NeoCognition raises $40M seed for human-like AI agents

▼ Summary
– Investors are actively recruiting AI researchers to launch startups focused on improving AI reliability and efficiency.
– Professor Yu Su founded NeoCognition after foundational model advances convinced him AI agents could become truly personalized.
– NeoCognition emerged from stealth with $40 million in seed funding from investors including Cambium Capital and Walden Catalyst Ventures.
– The startup aims to develop self-learning AI agents that can specialize in any domain to overcome the current ~50% task success rate of generalist agents.
– The company plans to sell its agent systems to enterprises, leveraging investor Vista Equity Partners for access to software companies seeking AI modernization.
The race to build more dependable and capable AI agents is drawing significant venture capital, with investors actively recruiting top academic talent to launch new companies. This trend is exemplified by the emergence of NeoCognition, a startup founded by Ohio State professor Yu Su, which has secured a substantial $40 million seed round. Su initially hesitated to commercialize his research but was persuaded by recent advances in foundational models that could enable truly personalized AI systems.

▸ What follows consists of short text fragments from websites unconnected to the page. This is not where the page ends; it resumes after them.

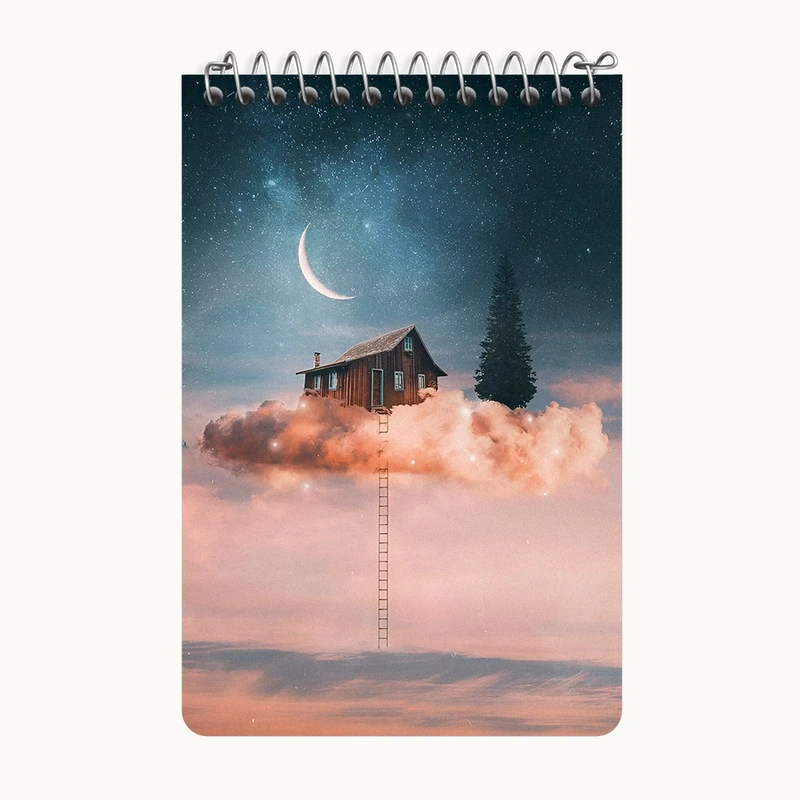 دفتر یادداشت 50 برگ خندالو طرح کلبه جادویی کد F6436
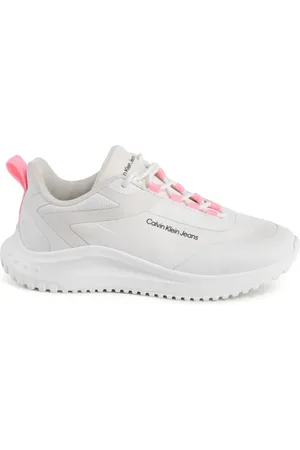 Calvin Klein Sko, Dame, Hvid, 41 EU, Polyester, Hvide Polyester Sneakers Design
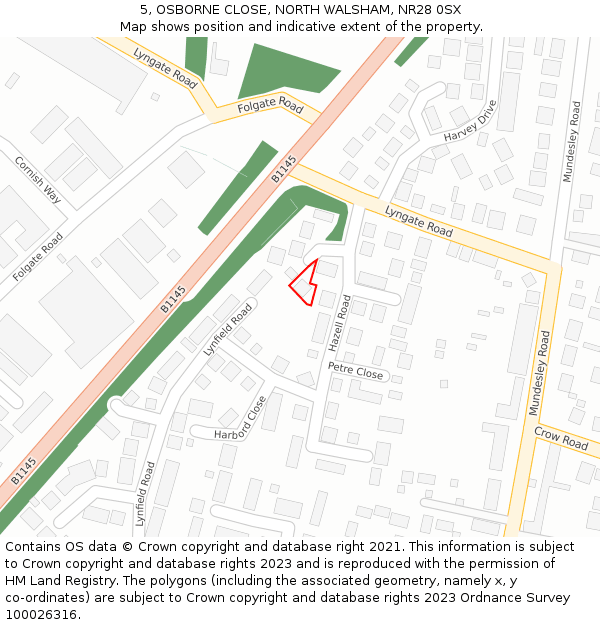5, OSBORNE CLOSE, NORTH WALSHAM, NR28 0SX: Location map and indicative extent of plot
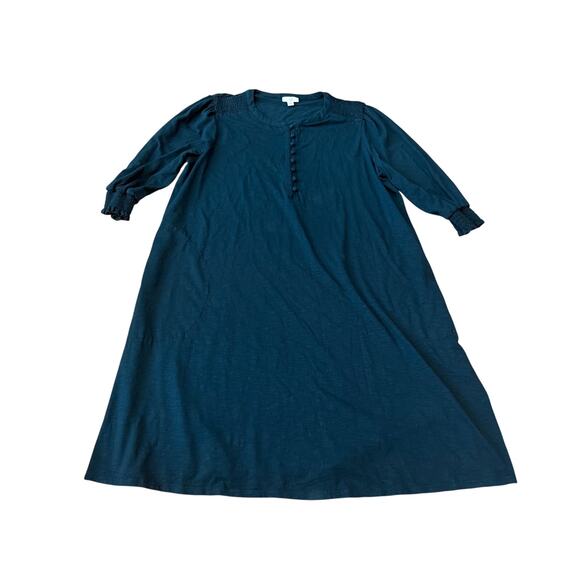 J Jill Smocked Henley Dress Dark Teal Size Petite XL Pockets Casual - Picture 2 of 7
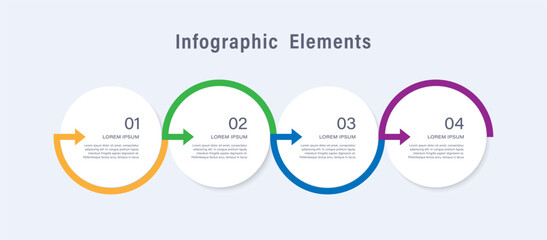 Round infographic elements for presentations or reports. Vector infographic design template with 4 steps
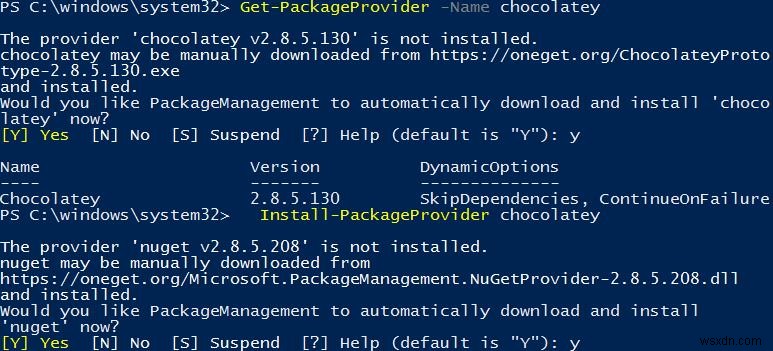 Sử dụng PowerShell PackageManagement trong Windows 10 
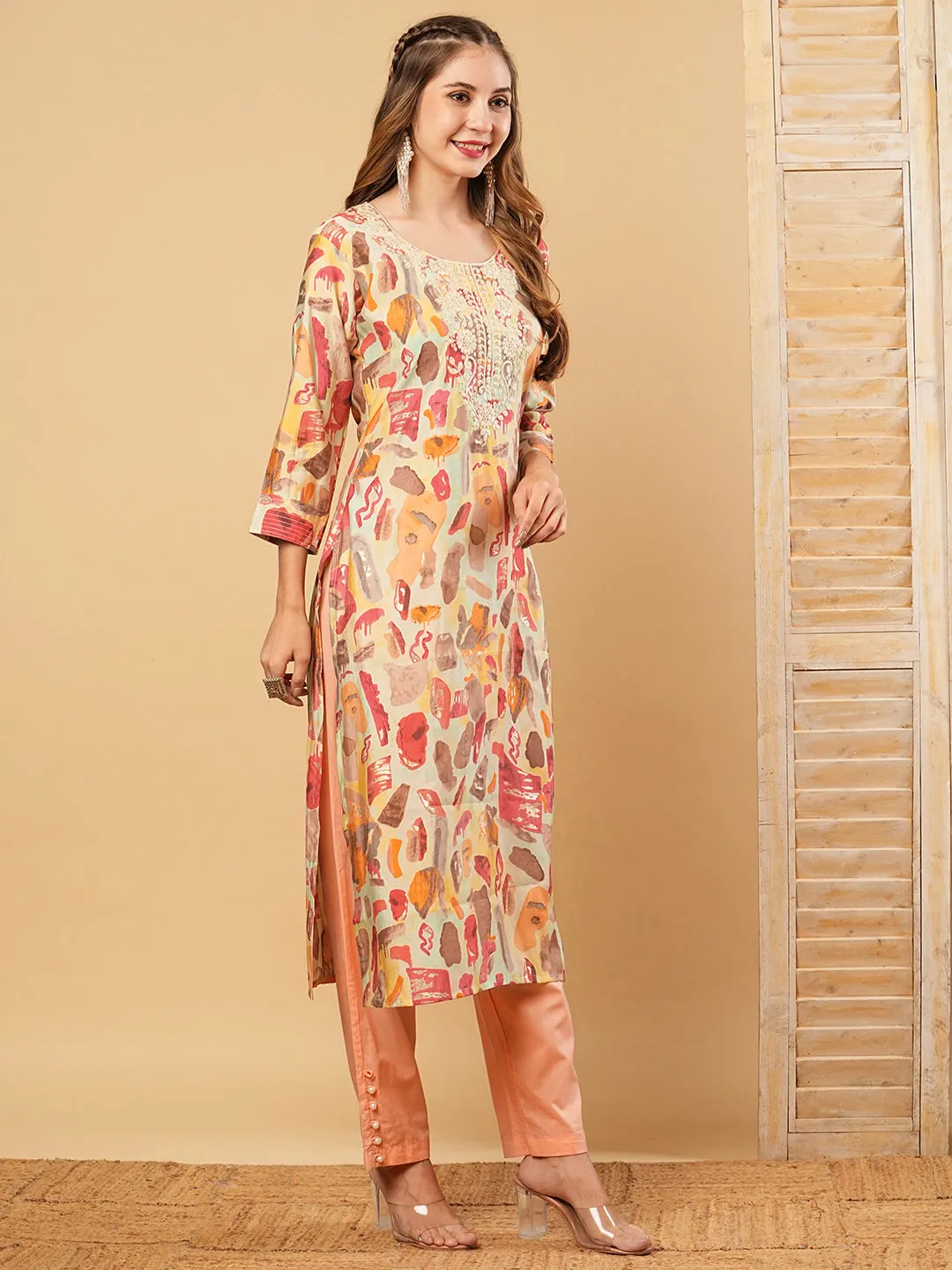 Abstract Printed Resham & Sequins Embroidered Kurta - Multi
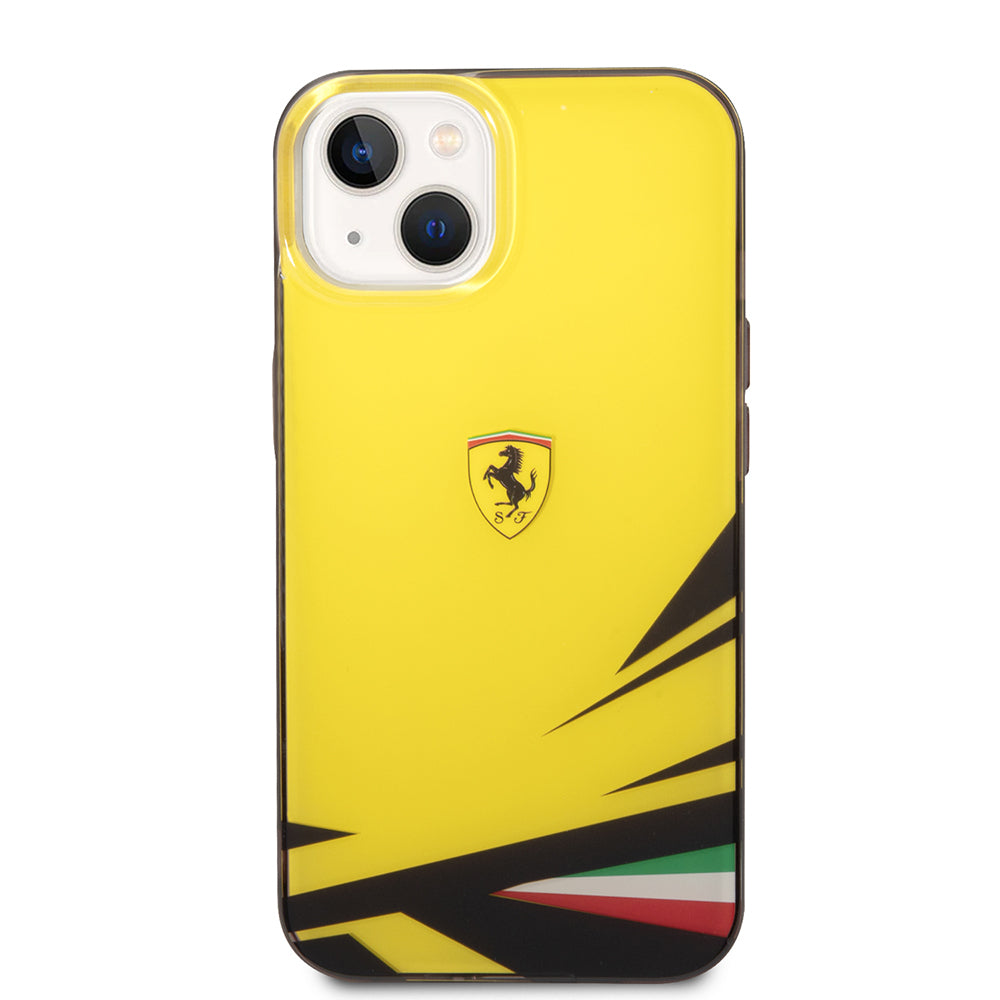 Ferrari iPhone 14 Orjinal Lisanslı Baskı Logolu İtalyan Bayrak Baskılı Dizayn Kılıf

NeoCognition’s funding was co-led by Cambium Capital and Walden Catalyst Ventures. The round also included participation from Vista Equity Partners and notable angel investors such as Intel CEO Lip-Bu Tan and Databricks co-founder Ion Stoica. The company is positioning itself as a research lab focused on developing self-learning AI agents that can achieve far greater reliability than current offerings.
Su argues that today’s AI agents are fundamentally unreliable generalists. “Every time you ask them to do a task, you take a leap of faith,” he stated. He estimates that current agents from various providers successfully complete tasks as intended only about half the time. This inconsistency makes them unsuitable for deployment as trusted, independent workers. NeoCognition’s core mission is to solve this problem by creating an agent system that can autonomously learn to become an expert in any given domain, mirroring the human capacity for rapid specialization.
Human intelligence is broad, but its true power lies in our ability to focus and master specific fields. When entering a new profession, people quickly learn its unique rules, relationships, and consequences. “For humans, our continued learning process is essentially the process of building a world model for any profession, any environment,” Su explained. He believes that for AI agents to become true experts, they must autonomously learn to construct a model of any given “micro world.” This capability for autonomous specialization is what Su sees as the missing link for achieving reliable, independent AI.
While it is possible to engineer task-specific agents for narrow verticals, NeoCognition is pursuing a more flexible approach. The startup is building generalist agents capable of self-learning and specializing in any domain without requiring custom engineering for each new application. The primary target customers are enterprises, including established SaaS companies, which could use the technology to create AI agent-workers or enhance their existing software products.
The strategic value of having Vista Equity Partners as an investor is significant for this go-to-market strategy. As a major private equity firm in the software sector, Vista can provide NeoCognition with direct access to a large portfolio of companies actively seeking to integrate AI into their offerings. The startup currently employs a compact, highly specialized team of about 15 people, most of whom hold PhDs, reflecting its deep research roots.